# HEB Brisket



## tbone2374 (Feb 27, 2010)

is on sale this week...06.26.12. Knock yourselves out. I always buy several, different stops, as there is a 2 limit, with 10.00$ purchase. That's OK as I only shop there. Yum Yum.


----------



## Mrschasintail (Dec 8, 2004)

I can't see the new listing yet.


----------



## jdot7749 (Dec 1, 2008)

Price?


----------



## bigl (Mar 3, 2008)

Price $1.49 HEB limit 2.
Krogers $1.47 limit 1.


----------



## Law Dog (Jul 27, 2010)

Thanks for the information.


----------



## Stspower (Apr 6, 2012)

The heb in bay colony has them $1.47 limit ONE with a $20 purchase. What a rip off!


----------



## JJGold1 (May 6, 2010)

Stspower said:


> The heb in bay colony has them $1.47 limit ONE with a $20 purchase. What a rip off!


Ripoff?


----------



## bigl (Mar 3, 2008)

JJGold said:


> Ripoff?


Sorry it is one and Krigerss in Tomball does not have them on sale yet.


----------



## bigl (Mar 3, 2008)

bigl said:


> Sorry it is one and Krigerss in Tomball does not have them on sale yet.


Randles was $1.49 with $25 purchase with card.
Sorry


----------



## speckle-catcher (May 20, 2004)

how is it a ripoff?

you have to buy groceries anyway...buy $20 of beer


----------



## JJGold1 (May 6, 2010)

$1.47/lb Brisket - limit 1 - check
$1.47/lb Boneless Chicken Breasts - limit 2 - check
$1.47/lb Pork Spareribs - limit 2 - check
$1.97/lb Ground Chuck - limit 2 - check
$11.88/18 Pack Beer - limit 2 - check

What a ripoff, I feel violated.


----------



## speckle-catcher (May 20, 2004)

maybe you need to pick up some tampons as well


----------



## WilliamH (May 21, 2004)

Joe V's has brisket $1.47 lb with a $15 dollar purchase; limit 2.

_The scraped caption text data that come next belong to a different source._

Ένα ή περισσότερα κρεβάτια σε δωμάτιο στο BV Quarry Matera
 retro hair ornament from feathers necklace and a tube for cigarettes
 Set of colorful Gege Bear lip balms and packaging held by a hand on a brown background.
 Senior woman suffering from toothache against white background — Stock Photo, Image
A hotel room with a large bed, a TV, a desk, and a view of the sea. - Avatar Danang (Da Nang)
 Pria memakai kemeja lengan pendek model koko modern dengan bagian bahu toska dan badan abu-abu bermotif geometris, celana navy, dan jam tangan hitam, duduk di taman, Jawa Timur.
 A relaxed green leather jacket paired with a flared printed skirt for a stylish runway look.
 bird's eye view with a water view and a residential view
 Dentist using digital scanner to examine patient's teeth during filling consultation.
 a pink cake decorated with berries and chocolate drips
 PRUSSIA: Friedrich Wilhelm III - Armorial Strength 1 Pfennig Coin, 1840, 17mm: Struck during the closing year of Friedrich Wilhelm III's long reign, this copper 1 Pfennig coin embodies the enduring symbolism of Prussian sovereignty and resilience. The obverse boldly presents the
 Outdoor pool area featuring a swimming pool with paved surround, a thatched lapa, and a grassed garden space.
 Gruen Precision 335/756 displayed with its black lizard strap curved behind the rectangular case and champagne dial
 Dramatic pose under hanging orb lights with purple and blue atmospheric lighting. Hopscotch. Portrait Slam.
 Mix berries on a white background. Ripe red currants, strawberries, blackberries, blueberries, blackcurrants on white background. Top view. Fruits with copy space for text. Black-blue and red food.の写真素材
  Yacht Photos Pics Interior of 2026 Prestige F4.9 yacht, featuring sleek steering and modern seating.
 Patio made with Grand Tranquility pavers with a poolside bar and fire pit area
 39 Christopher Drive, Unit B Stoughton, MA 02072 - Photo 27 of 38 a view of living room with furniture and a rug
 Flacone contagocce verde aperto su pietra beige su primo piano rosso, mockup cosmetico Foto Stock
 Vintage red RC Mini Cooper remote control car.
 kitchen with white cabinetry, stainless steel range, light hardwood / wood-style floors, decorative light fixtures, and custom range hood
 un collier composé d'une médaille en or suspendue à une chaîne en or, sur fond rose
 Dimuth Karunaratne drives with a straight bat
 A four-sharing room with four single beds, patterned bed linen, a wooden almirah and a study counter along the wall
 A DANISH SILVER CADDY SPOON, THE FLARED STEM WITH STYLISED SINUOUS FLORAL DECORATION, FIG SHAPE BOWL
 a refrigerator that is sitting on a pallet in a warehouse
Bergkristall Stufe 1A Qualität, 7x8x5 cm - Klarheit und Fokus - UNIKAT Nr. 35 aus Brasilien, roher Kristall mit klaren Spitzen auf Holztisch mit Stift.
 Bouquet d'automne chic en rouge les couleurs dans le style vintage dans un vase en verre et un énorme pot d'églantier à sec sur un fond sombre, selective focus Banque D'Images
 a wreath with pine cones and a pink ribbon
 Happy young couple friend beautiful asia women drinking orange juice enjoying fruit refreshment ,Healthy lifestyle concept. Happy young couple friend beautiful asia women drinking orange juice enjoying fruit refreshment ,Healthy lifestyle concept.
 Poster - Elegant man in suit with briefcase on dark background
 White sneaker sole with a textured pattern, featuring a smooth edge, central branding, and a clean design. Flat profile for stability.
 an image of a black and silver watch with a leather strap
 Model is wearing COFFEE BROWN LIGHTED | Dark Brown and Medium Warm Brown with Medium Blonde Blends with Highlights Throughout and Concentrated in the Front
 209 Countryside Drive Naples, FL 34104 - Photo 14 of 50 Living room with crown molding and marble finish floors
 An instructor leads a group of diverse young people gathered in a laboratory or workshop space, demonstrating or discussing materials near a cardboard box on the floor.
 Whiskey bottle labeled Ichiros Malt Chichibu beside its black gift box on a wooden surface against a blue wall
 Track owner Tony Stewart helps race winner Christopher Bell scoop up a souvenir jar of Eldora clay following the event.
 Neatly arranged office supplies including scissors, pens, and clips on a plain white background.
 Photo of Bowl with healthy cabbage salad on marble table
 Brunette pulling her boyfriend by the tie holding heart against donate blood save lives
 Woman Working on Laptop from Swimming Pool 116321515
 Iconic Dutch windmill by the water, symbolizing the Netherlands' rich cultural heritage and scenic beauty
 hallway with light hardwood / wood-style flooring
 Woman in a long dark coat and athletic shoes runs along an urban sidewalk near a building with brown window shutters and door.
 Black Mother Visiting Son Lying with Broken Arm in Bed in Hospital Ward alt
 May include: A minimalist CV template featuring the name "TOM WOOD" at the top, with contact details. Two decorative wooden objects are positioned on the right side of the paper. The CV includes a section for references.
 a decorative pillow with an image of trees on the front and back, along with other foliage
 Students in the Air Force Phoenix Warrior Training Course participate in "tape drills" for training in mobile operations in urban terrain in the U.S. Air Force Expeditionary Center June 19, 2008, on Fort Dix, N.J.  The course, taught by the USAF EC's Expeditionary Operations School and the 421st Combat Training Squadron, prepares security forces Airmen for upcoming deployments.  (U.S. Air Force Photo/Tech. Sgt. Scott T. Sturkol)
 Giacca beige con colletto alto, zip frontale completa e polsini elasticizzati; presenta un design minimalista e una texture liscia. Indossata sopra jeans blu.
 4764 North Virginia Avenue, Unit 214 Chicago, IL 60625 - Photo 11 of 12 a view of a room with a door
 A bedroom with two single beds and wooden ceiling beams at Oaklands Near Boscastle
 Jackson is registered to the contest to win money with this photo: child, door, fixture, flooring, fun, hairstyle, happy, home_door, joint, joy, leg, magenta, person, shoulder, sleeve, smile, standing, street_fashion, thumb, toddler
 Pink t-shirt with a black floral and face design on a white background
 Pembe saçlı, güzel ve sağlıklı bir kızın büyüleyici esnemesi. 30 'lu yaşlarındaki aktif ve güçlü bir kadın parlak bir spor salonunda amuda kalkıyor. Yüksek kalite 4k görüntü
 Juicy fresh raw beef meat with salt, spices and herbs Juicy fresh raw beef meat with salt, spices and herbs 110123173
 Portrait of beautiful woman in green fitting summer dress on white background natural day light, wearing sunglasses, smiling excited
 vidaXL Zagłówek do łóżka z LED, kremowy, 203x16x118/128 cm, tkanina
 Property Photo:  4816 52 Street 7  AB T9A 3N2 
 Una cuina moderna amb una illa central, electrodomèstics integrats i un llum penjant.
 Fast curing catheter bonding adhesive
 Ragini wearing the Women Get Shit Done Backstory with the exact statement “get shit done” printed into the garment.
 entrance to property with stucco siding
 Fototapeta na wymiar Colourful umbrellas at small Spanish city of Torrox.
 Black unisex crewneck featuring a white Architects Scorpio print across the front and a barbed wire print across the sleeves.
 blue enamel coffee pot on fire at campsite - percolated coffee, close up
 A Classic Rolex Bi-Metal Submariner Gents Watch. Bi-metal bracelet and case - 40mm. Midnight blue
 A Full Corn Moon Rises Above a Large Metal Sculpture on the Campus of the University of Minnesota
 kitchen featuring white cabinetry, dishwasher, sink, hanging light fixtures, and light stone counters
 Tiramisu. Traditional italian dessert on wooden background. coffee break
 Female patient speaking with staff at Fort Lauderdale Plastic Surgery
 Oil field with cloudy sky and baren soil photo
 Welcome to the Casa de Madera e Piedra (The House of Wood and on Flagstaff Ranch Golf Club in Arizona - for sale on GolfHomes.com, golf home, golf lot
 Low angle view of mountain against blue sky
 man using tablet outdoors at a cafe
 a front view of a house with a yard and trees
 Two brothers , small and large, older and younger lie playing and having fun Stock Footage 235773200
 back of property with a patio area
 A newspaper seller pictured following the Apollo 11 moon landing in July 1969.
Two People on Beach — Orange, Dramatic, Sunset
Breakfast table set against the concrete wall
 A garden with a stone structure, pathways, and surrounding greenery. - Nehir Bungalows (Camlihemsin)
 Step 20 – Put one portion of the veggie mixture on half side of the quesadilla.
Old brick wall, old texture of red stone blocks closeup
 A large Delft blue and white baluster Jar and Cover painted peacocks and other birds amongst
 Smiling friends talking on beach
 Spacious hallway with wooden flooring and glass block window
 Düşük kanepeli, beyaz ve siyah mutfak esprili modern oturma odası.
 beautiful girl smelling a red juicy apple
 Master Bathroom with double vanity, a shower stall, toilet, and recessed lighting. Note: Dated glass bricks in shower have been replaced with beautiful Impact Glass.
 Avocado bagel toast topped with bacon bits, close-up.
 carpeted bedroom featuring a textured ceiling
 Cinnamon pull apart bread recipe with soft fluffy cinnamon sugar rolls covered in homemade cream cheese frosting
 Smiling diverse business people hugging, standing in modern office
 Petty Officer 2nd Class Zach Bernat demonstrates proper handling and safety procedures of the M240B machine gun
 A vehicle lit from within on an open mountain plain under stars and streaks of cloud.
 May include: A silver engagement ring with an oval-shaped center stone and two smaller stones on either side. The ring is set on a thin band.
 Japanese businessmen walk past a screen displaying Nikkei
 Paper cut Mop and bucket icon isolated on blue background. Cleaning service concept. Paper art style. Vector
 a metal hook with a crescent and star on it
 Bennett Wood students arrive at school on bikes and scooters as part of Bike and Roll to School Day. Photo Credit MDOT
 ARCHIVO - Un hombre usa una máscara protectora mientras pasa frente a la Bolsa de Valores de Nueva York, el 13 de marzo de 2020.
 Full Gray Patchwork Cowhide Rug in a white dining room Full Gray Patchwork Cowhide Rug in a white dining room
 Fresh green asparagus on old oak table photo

http://joevsmartshop.inserts2online...43455&adPath=HEBJoeVs06272012JoeVsSmartShopAd


----------



## RATLTRAP (Sep 16, 2009)

You can go to Walmart and price match. No limit there.


----------



## Fishdaze (Nov 16, 2004)

Picked one up yesterday from HEB, and got it smoking on the WSM right now.:brew2:


----------



## saltwatersensations (Aug 30, 2004)

speckle-catcher said:


> how is it a ripoff?
> 
> you have to buy groceries anyway...buy $20 of beer


Thats your best advice this year.....:cheers:


----------